O filme tem como protagonista a dupla de atores Guillermo Francella (de “O Clã”) e Diego Peretti (de “Tiempo de Valientes”). Ambos revivem o que já é um clássico no cinema argentino contemporâneo _as parcerias de bandidos em que há muita picardia, camaradagem e inteligência. Já se viu o mesmo em “Nove Rainhas” (de 2000, com Ricardo Darín e Gastón Pauls), e também há algo do personagem que o próprio Peretti fez na série “Los Simuladores” (2002, disponível na Netflix), em que quatro pilantras espertos armam emboscadas para vingar pessoas consideradas “injustiçadas”.

Francella encarna um ladrão uruguaio, muito experiente, Mario Vitette Sellanes, que hoje em dia, livre de qualquer condenação, vive em Montevidéu, onde tem uma joalheria _dando um toque a mais no surrealismo da história toda, tanto a ficcional como a real. Mario é quem tem expertise e dinheiro para o empreendimento, e que também humilha seus companheiros por suas excentricidades e sabedoria. Já Peretti vive Fernando Araujo, considerado o arquiteto do plano. Sempre em “estado canábico”, como ele mesmo define, idealiza com criatividade o assalto.

Depois de estudar a sucursal do banco, chega à conclusão de que sua segurança está preparada tanto para assaltos ao caixa como para roubos do cofre, mas não para que as duas coisas ocorram ao mesmo tempo. Esse é o plano que colocam em marcha, usando a rede de esgoto local para escoar o produto do roubo e para, depois, escapar.

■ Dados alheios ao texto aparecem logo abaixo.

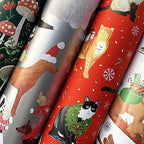 Jillson Roberts Kids Christmas Wrapping Paper Roll Bundle (25 sq ft per roll, 100 Total Sq Ft) Holiday Hedgehog, Dogs, Cats, Sleigh, 4 Pack - Image 2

As melhores interpretações são, de longe, as de Francella, principalmente quando está ganhando tempo, ao conversar com o negociador da polícia, enquanto seus colegas esvaziam o cofre, e de Peretti, que aparece natural no papel do bandido esotérico e criativo.

Assim como “La Odisea de los Giles”, que acaba de ganhar um prêmio Goya, o principal do cinema do mundo hispânico, “El Robo del Siglo” também faz a Argentina de ontem encontrar-se com a Argentina de hoje. Estão ali a crise permanente _em 2006, o país ainda se recuperava do trauma do “corralito” e da maxidesvalorização do peso_, a desconfiança ou mesmo o ódio às instituições bancárias que se espalhou pela sociedade depois de 2001, a polarização social e os marginalizados pelo sistema que usam da esperteza para sobreviver. Algo que aqui se apelida de “viveza criolla” e que no Brasil seria o correspondente da “malandragem”.